No dia seguinte, 24 de Abril, começámos a nossa reunião. Não havia falta de assuntos a tratar. Ao mesmo tempo que o Governo de Marcelo Caetano mantinha a sua política repressiva em Portugal e de guerra nas colónias, o descontentamento aumentava por todo o País. As lutas dos trabalhadores eram intensas e localizadas em diferentes zonas e era muito importante conhecê-las bem e resolver algumas questões que elas levantavam. A movimentação política era muito diversa e obrigava a um acompanhamento cuidadoso. O descontentamento alargara-se a outros sectores e atingia também as Forças Armadas, especialmente o Exército.
Já o Avante! desse mês, o último clandestino, publicava um artigo, escrito pelo camarada Octávio Pato, cujo título era: "Aliar à luta antifascista os patriotas das forças armadas".
Há pouco mais de um mês houvera mesmo uma intentona militar, que se iniciara nas Caldas da Rainha mas que não contou com forças vindas de outros lados. Tinha sido mais um insucesso, que se juntou a muitos outros ao longo de muitos anos.

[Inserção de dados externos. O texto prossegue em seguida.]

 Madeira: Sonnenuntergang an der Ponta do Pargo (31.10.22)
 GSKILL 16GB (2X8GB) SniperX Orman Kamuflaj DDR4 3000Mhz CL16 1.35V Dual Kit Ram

Mas, além disso, havia ainda a informação de que uma nova iniciativa devia ter lugar, exactamente, no dia 24 de Abril.
O dia foi correndo, os problemas foram-se discutindo, as decisões necessá-rias foram sendo tomadas. O dia findou e de novo fomos dormir com a ideia de que “ainda não fora desta”.

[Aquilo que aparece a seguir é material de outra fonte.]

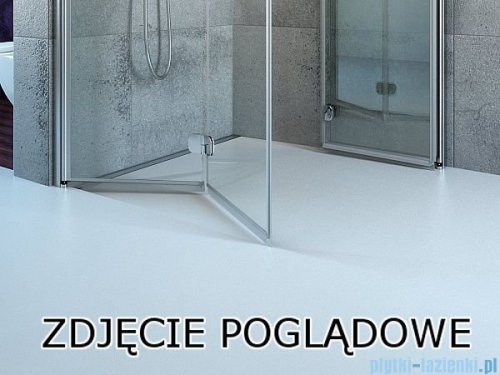 Radaway Essenza New KDJ-B kabina prysznicowa 80x120 prawa przejrzyste + brodzik Doros D + syfon 385081-01-01R/384054-01-01/SDRD1280-01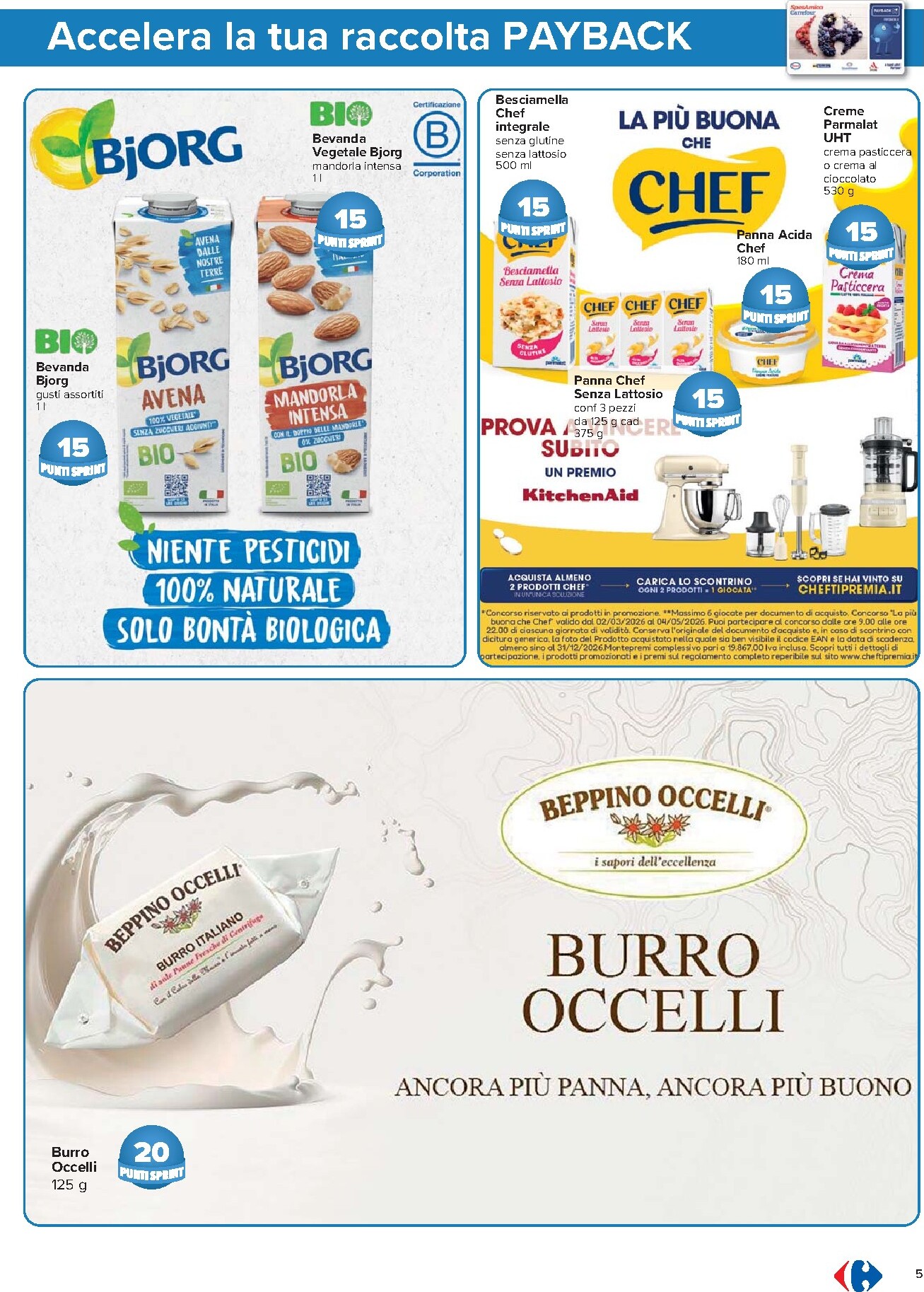 carrefour - Volantino Carrefour - Punti Sprint Payback valido dal 24/03/2026 al 06/04/2026 - page: 5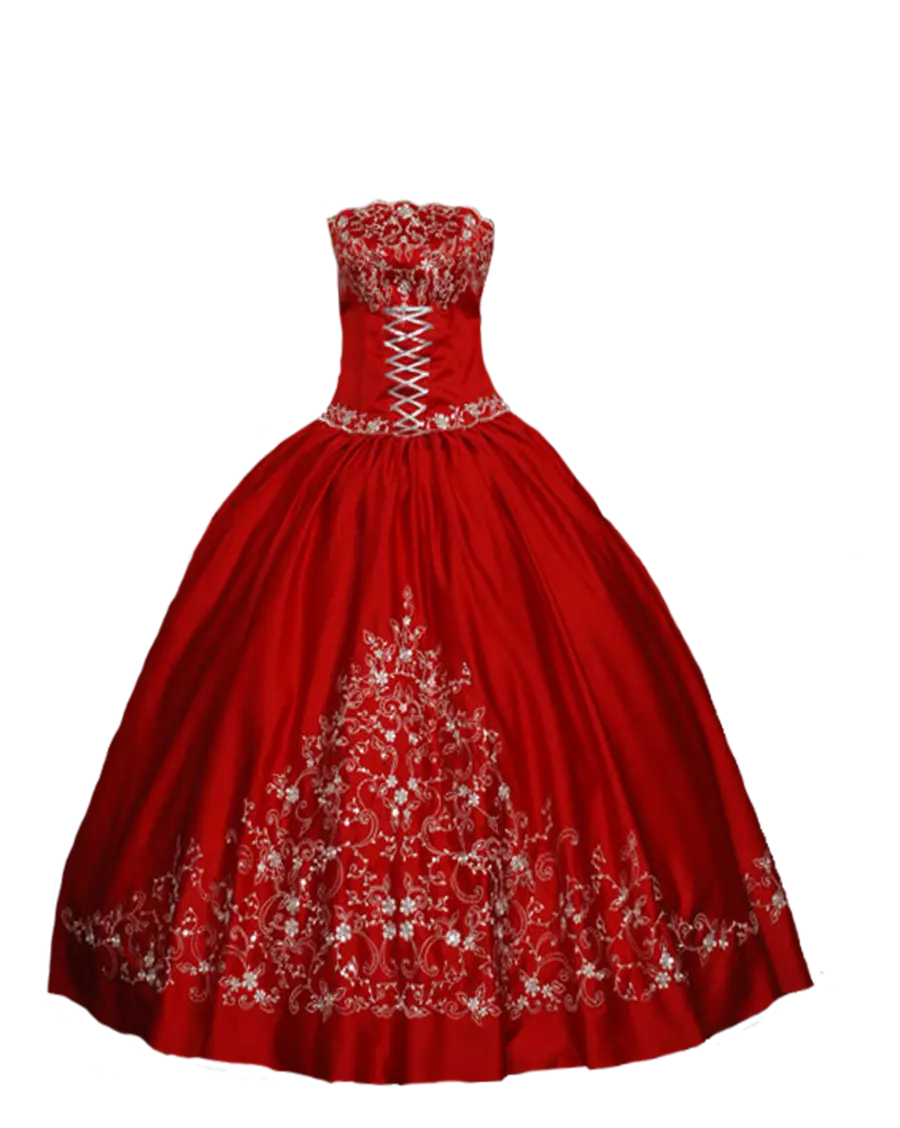 Red evening dress png suitable for graphic work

Recomeçámos, no dia 25 de Abril, a discussão de novas questões. Entretanto, a minha companheira, a camarada Diamantina, saíra para fazer algumas compras e quando voltou disse-nos que a empregada de uma vizinha lhe tinha contado que a filha da vizinha, uma garota de 6 anos, tinha regressado a casa na carrinha que antes a tinha levado para a escola, porque, disse-nos, havia movimentação em Lisboa e também no Porto havia tropas na rua.
Ficámos alertados. Era necessário conhecer o que se passava. Tentou-se, primeiro, através da rádio, mas não se conseguia apanhar nada. No Porto estava tudo mudo, o que também era um sinal de acontecimentos importantes. Mais tarde, finalmente, apanharam-se algumas notícias. Davam a ideia da tomada de diversos pontos importantes em Lisboa, entre os quais a Emissora Nacional.
Ao conhecermos estas informações, foi natural pensar-se que, se as notícias fossem reais, o fascismo estava muito mal. Queria dizer que “desta vez”… tinha sido diferente.
O camarada Octávio Pato saiu para procurar conhecer melhor o que se passava e para tomar algumas medidas.
À noite a televisão já apresentou a Junta de Salvação Nacional, não completa porque faltava um dos representantes da Força Aérea.
O conhecimento que tínhamos dos membros da Junta era reduzido, mas era o suficiente para se ficar com a ideia que havia elementos politicamente positivos mas nem com todos isso sucedia. Era necessário conhecer muitas outras coisas e era, principalmente, indispensável que, cada um de nós, os que ainda estávamos, fosse para os respectivos sectores, para tomar as primeiras medidas ante uma situação nova de que era preciso conhecer bem os contornos. Foi isso o que fizemos.